J’ai toujours été étiqueté comme marginal parce que ma mère s’est séparée de mon père à une époque où ça ne se faisait pas. Cela a fait que je me sentais rejeté. D’un autre côté, j’ai voulu montrer que je pouvais prendre la place de mon père. Je voulais prouver que le monde n’avait pas raison de me faire sentir inférieur, rejeté ou exclu de la société, je voulais leur prouver qu’ils avaient tort. Je me suis formé une carapace en me disant que je pouvais renverser la situation (à ma manière, qui n’était peut-être pas idéale). C’est là que s’est déclarée la guerre entre le système et moi, c’était un combat continuel.
Je me tenais avec des personnes plus vieilles, c’est ça qui m’a mené en prison jeune. J’étais détenu avec des adultes à l’âge de 15 ans et demi. Je n’ai pratiquement pas eu d’adolescence et je suis devenu tout de suite un adulte. Les détenus m’ont pris sous leur aile comme si j’étais leur garçon, mais dans ma tête je faisais partie des grands. Ce fut l’école du crime plutôt que celle du secondaire ou de l’université.
J’étais donc marginal et un peu exclu parce que je ne faisais plus partie du système, j’étais sorti du moule. C’est la population qui décide que tu es marginal, ce n’est pas toi. C’est à l’intérieur des murs que tu réalises que tu es une personne exclue, parce que les screws te disent que tu n’es même pas bon pour vivre dehors, que tu es obligé d’être enfermé. Ils essaient de jouer avec ton moral pour te casser.
En guerre contre le système
Quand tu le réalises, il est trop tard. Je me suis dit que ce serait « me, myself and I » et que ce serait moi qui mènerais mon cheval de bataille.
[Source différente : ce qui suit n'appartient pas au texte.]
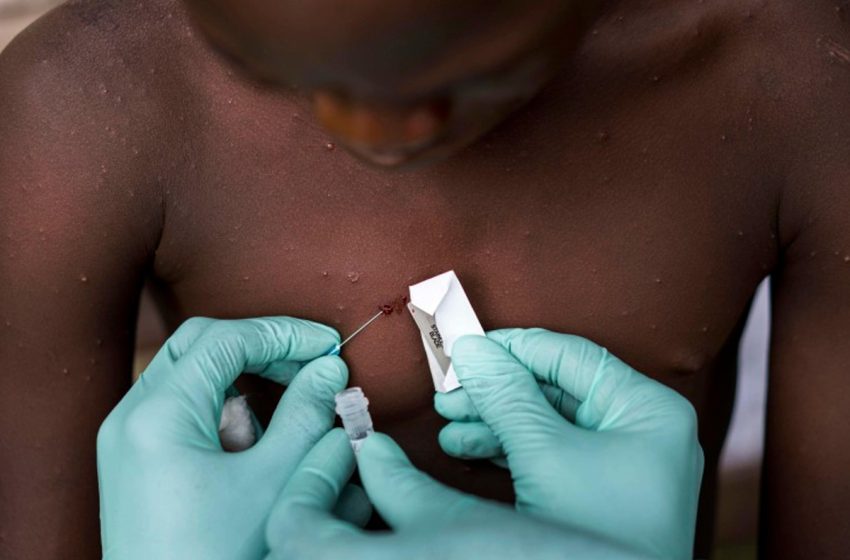 Le Kenya confirme un deuxième cas de Mpox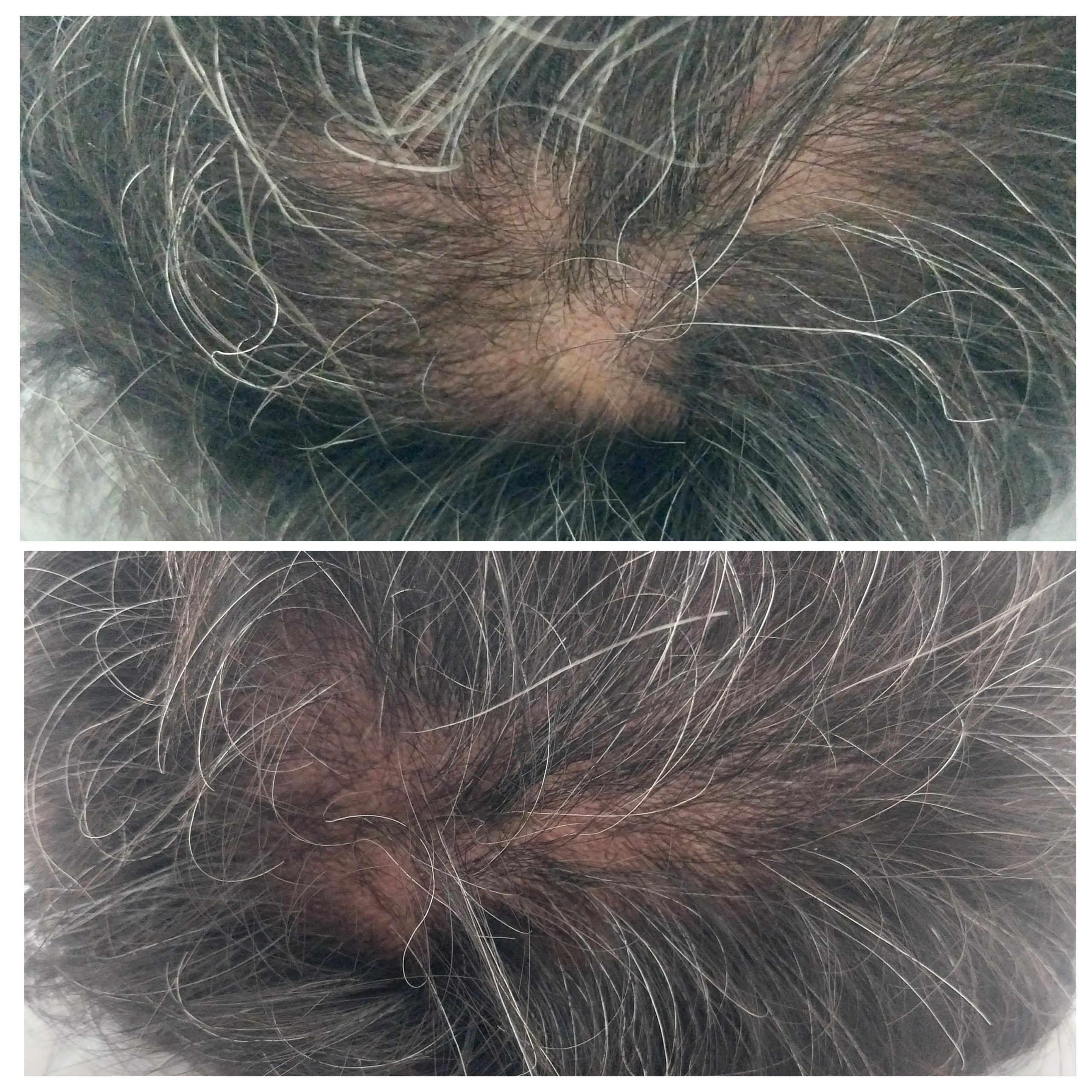 Tratamento Capilar com Fisioterapia Dermato-Funcional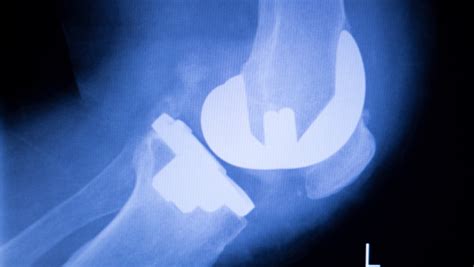 knee replacement surgery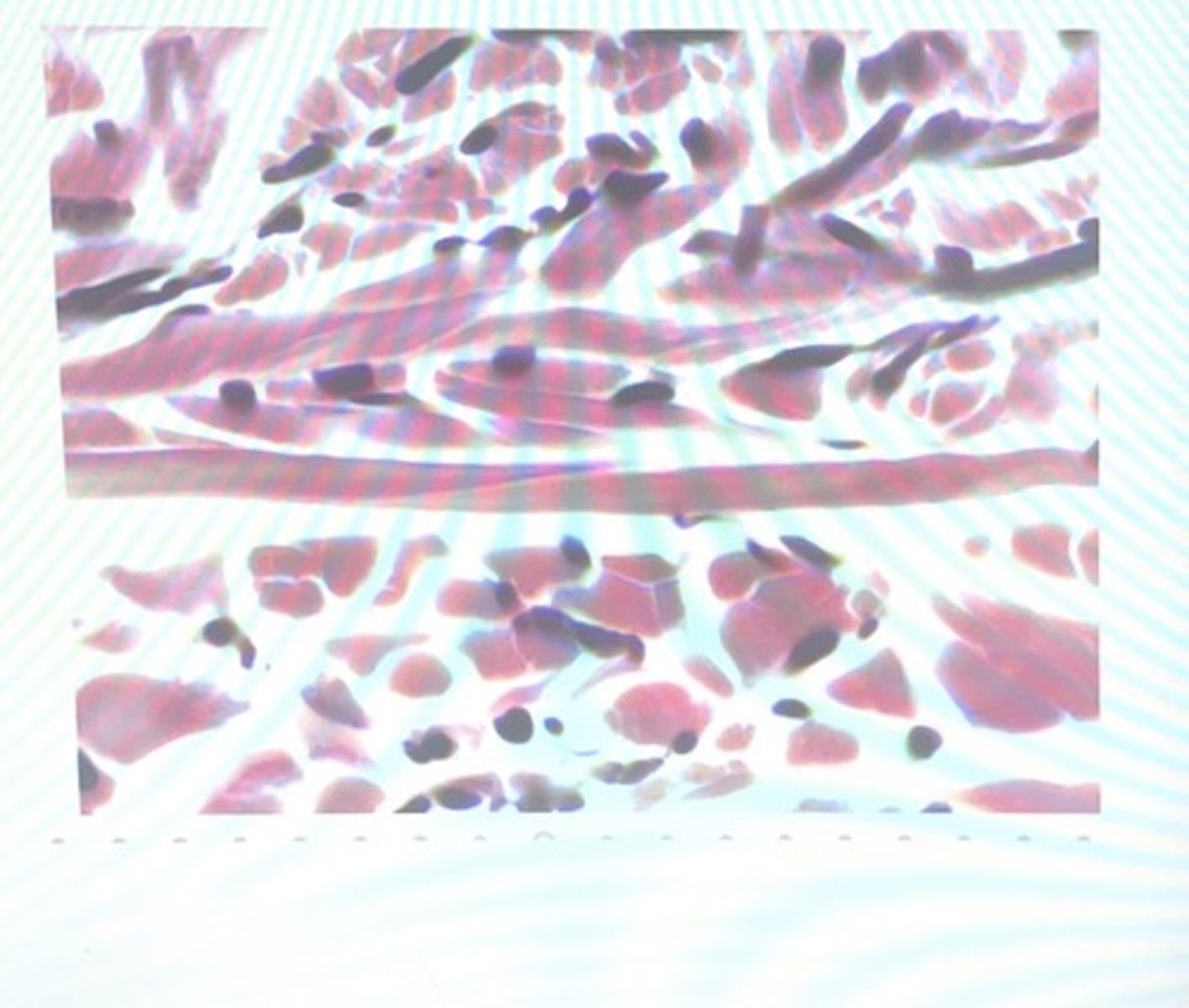 <p>Found in the dermis, fibrous coverings surrounding organs and joints</p>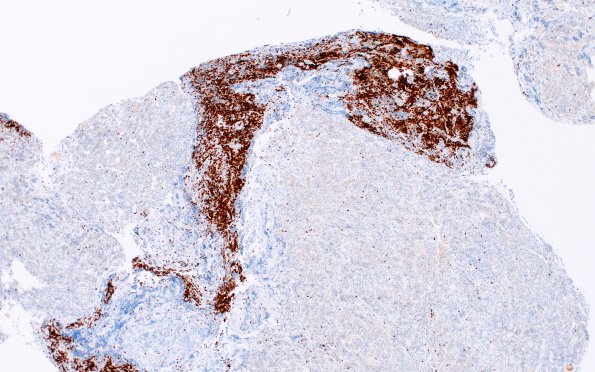 4B1 Lymphocytic Hypophysitis (Case 4) CD3 4X 1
Je me suis révolté contre la société, et aussi un peu contre moi-même sans m’en rendre compte. Même si je menais mon combat, je ne voulais pas que mes frères soient pris dans les mêmes histoires que moi. Mais sans le vouloir, j’ai entraîné le bébé dans mon sillage. Quand j’ai vu que toute la famille payait à cause de moi, c’est là que la révolution s’est faite.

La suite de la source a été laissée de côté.